“Un fantasma recorre Europa”, decía Marx en 1848. Los espectros de hoy son muchos más. Por Europa, digo la Unión Europea (UE), convertida en símbolo referencial de superación de chovinismos que dividen, enfrentan y paralizan.
Ese impulso de vida condujo a 62 años de construcción de un andamiaje político supranacional. Su empeño encauza un sentido de destino y pertenencia que se opone a la pulsión de muerte escondida detrás del patrioterismo obtuso de intereses nacionalistas, que siempre terminan descalabrando lo propio y lo ajeno.
Pero entre lo dicho y lo hecho, hay enorme trecho. En su arquitectura constructivista, la audacia europea fue más ambiciosa que su prudencia. Puestos a armonizar las brechas económicas, el diseño monetario del euro acentuó, más bien, las asimetrías existentes, en beneficio de los grandes. Es camisa de fuerza para los débiles y abono constante de resentimientos contrarios a sus mismas premisas de cohesión.
El acreedor puso su bota germánica sobre la humillación griega y los intereses bancarios ahogaron a comunidades enteras, asfixiando las políticas sociales de todo el sur del continente. El populismo resultante de la acentuada disparidad de riqueza entre países y de desigualdad de ingresos entre comunidades socava la emoción colectiva de la experiencia europea, intensifica el malestar social y alimenta desapego.
Imprudencia inagotable. Y eso en lo económico, que, sin embargo, por esencial, no agota la imprudencia. La milagrosa liberación pacífica de Europa del Este de las garras rusas redundó en una tentación expansionista comprensible, pero fue más fuerte que la debida consideración a historias y mentalidades apenas en primeros y dubitativos pasos hacia una conciencia democrática previamente inexistente. Partiendo de regímenes totalitarios, los ucases de Bruselas no pueden sustituir los procesos de transición que demanda el paso democrático.
Desde la caída del muro de Berlín, la UE se expandió en pocos años a 13 nuevos miembros. Después de 30 años de reunificación, ni siquiera Alemania ha logrado una entera cohesión con su gemela del este. Nada extraño que regímenes autoritarios y tendencias derechistas extremas formen parte del heterogéneo quilt europeo.

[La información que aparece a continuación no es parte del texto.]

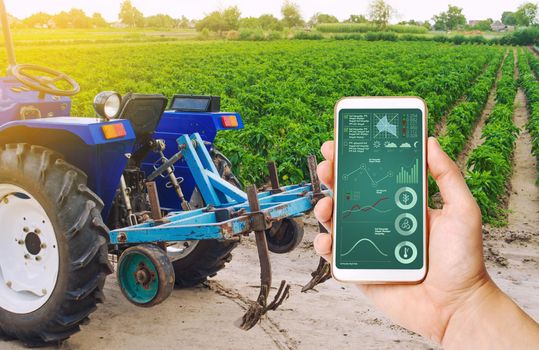 A hand is holding a smartphone with infographics on background of tractor and Bulgarian pepper plantation. Farming and agriculture. Agricultural machinery, data analyzing on plants status. harvesting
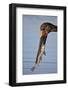 Saddle-Billed Stork (Ephippiorhynchus Senegalensis) with a Fish-James Hager-Framed Photographic Print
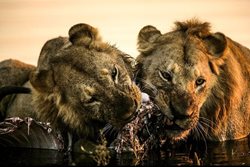 صحنه ای متفاوت از خوردن شکار در میان آب توسط شیرها + عکس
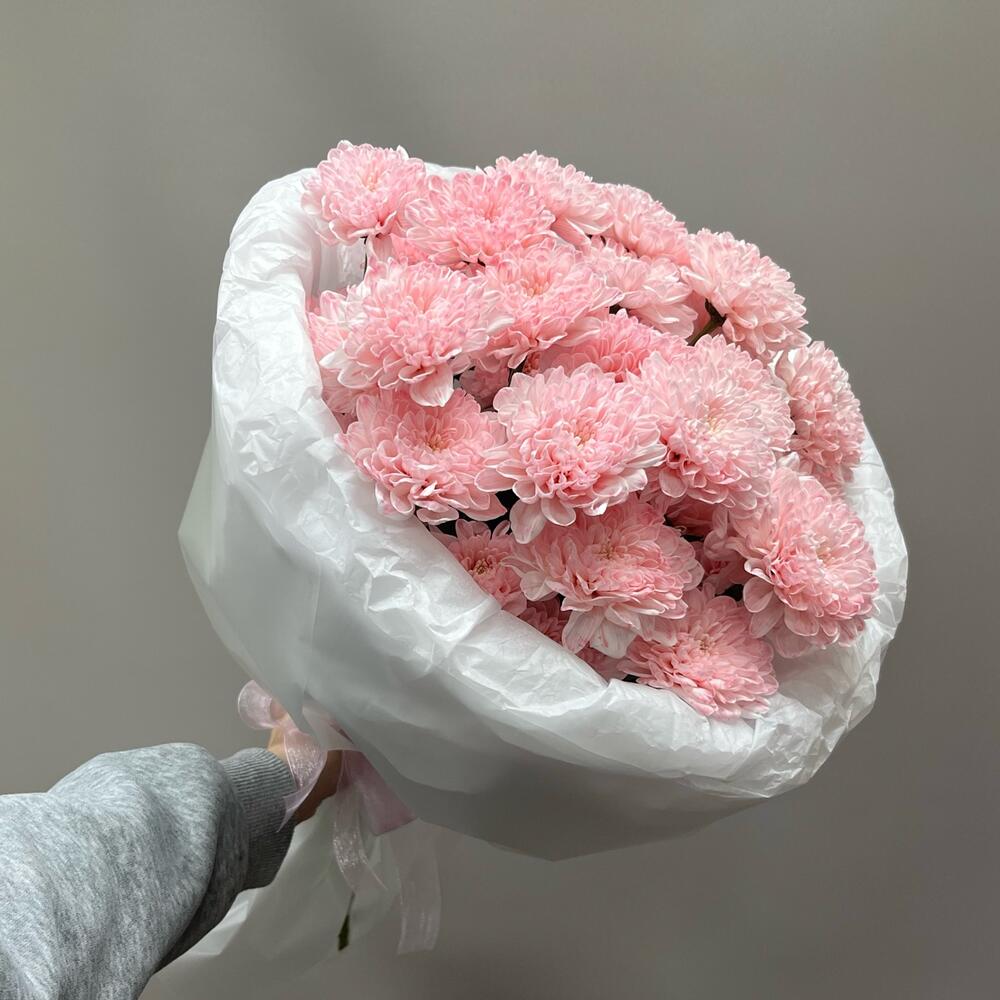 Моно из нежной хризантемы 🌸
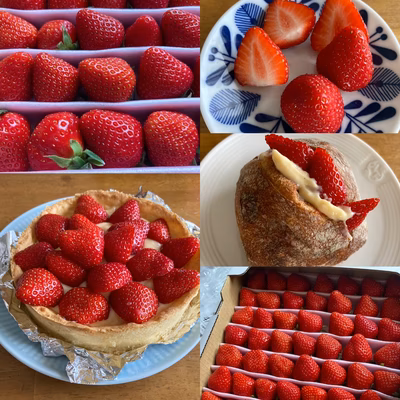 みんなの投稿の画像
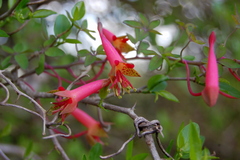 Tropaeolum pentaphyllum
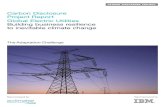 Cdp utilities report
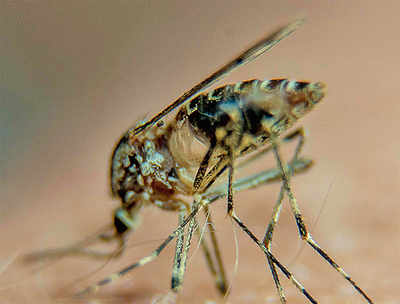 Malaria sting triggers damage control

En todo ese proceso y acompañando las disimetrías, la UE se vio atrapada por antiguos pecados de su pasado colonialista. No estaba en su gran visión pacífica y mediadora acompañar a los Estados Unidos, bajo falsas premisas, en su aventura en Irak. En eso se dividió su conciencia, primando, en algunos, reflejos nostálgicos de gran potencia. El fragmentado escenario político islámico quedó sumido en guerras interminables.
Desplazadas por esos conflictos, oleadas humanas vuelcan sus esperanzas en la no siempre cumplida promesa de solidaridad europea. Ya en el 2015, 76 millones de almas buscaban Europa. Fueron inútiles los esfuerzos de la Comisión Europea por un sistema de cuotas que diera respuesta colectiva a una crisis migratoria sin visos de contenerse. Cada país respondió por cuenta propia. La guerra civil en Siria rebosa campos de refugiados en Italia y Grecia.

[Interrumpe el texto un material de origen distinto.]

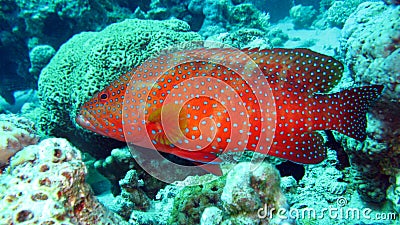 Coral grouper in the Red Sea of Egypt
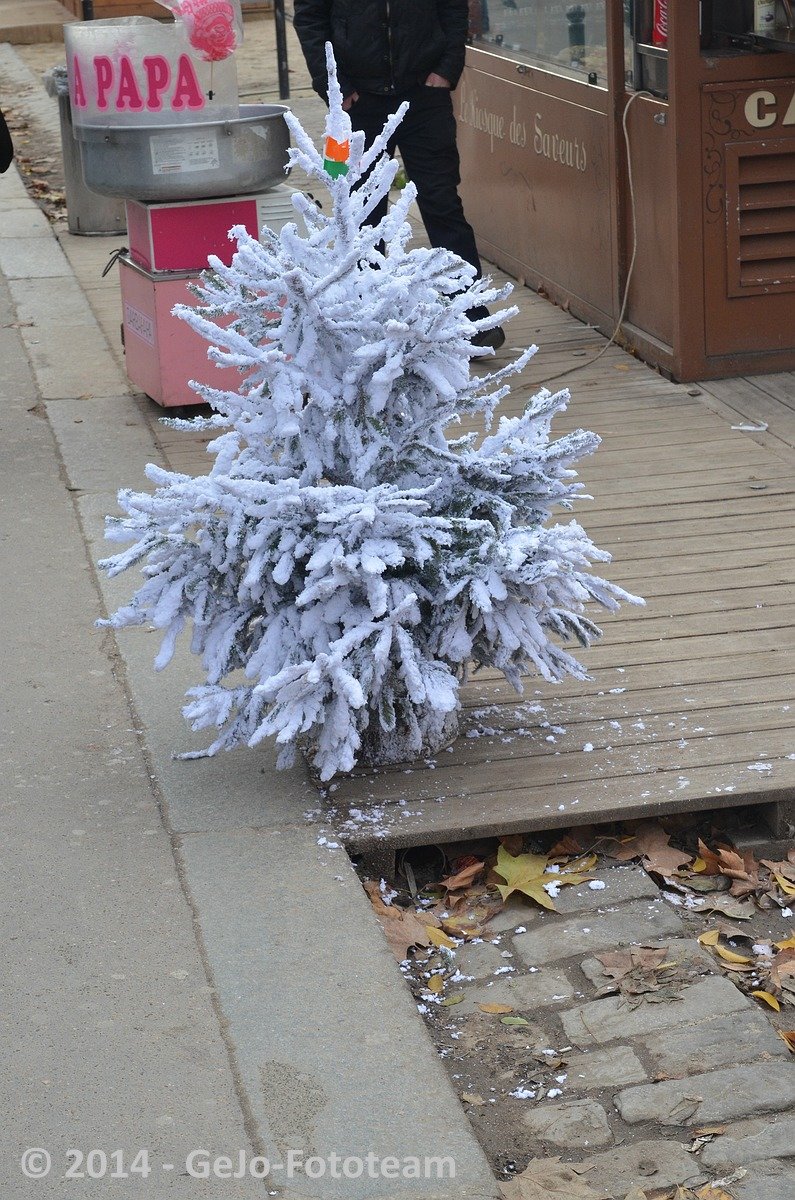 dsc_6646.jpg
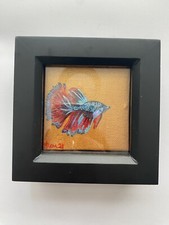 OOAK Male Betta Fish - 7.5cm x
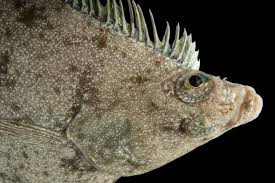 Image result for Parophrys vetulus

Chantaje y mutación. La UE llegó al punto de sellar un compromiso de pago a Erdogan a cambio de contener la marejada de desplazados. Abominable precio que reniega del derecho de asilo y la deja en brutal dependencia de Turquía. La sola amenaza de soltar el tapón de refugiados le cierra la boca cada vez que trata de sancionar el giro autoritario de Erdogan.

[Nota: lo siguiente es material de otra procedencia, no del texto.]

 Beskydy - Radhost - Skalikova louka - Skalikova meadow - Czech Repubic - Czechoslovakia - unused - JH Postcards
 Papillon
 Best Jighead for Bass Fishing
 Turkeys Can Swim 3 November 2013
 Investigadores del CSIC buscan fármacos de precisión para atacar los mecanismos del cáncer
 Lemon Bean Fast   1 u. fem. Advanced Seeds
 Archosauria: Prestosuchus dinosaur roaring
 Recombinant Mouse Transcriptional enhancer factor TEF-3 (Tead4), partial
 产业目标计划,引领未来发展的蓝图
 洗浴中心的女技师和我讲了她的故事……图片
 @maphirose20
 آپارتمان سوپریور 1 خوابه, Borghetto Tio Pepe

Las guerras civiles en el Cercano Oriente, las intervenciones militares y la ola migratoria tienen consecuencias políticas. El terrorismo, viejo azote de extremismos de izquierda, ha mutado en su componente islámico. La demanda de seguridad está reduciendo libertades civiles y espoleando la extrema derecha xenófoba con ideologías presuntamente sepultadas bajo los escombros de la guerra.
Trump, en la presidencia de Estados Unidos, la sombra de Putin desmembrando Ucrania y la ruta china de la seda en sus fronteras demandan una capacidad de respuesta colectiva que es imposible alcanzar con su sistema de consensos. A la pérdida de cohesión social se suma ahora el quebranto de cohesión política en temas centrales a la razón de ser de la UE.
Incluso sin todos esos desafíos, el ideal comunitario se ha visto encapsulado en una élite burocrática distante de las preocupaciones de la gente, y diseñada para evadir un acceso real de la ciudadanía. El sentimiento de identidad colectiva se ahoga en una burbuja de 751 eurodiputados a merced del cabildeo corporativo de decenas de miles de lobistas.
El sistema de administración de Bruselas dista mucho de ser un equilibrado “Estado supranacional”. La Comisión Europea, que ejerce como una especie de ejecutivo, es un organismo no elegido. Las esperanzas reformistas de un eje París-Berlín se desdibujan con recelo y desafecto, incluso en los mismos países dominantes donde crecen resentimientos y desconfianza. Entre chalecos amarillos y sindicatos defendiendo fueros, la estrella de Macron no tiene el brillo inicial. Merkel tampoco resultó una socia dispuesta a acompañarle.
Más obstáculos. El brexit llega en el peor momento, debilitando a la UE en el concierto mundial frente al avance geopolítico de China, creciente injerencia rusa y el debilitamiento de la OTAN, a la que Macron declaró en estado de muerte cerebral. La constante amenaza de guerras comerciales y los desafíos planteados por disrupciones tecnológicas se suman al resto de obstáculos en el camino de un ideal que merece sobrevivir a sus propios yerros.
Con todo y sus carencias, la UE es uno de los pilares fundamentales de la paz y el progreso de los pueblos. Yo llamaría ideal ético a ese élan vital surgido de las cenizas de la guerra. La UE es una aspiración histórica cortada a la medida de los tiempos envolventes que vivimos. Nada desmerece que un continente de tradición belicista haya aprendido a negociar y a cooperar. Esa es la gran conquista humana que debe prevalecer por encima de los fantasmas de su desconcierto actual.
La autora es catedrática de la UNED.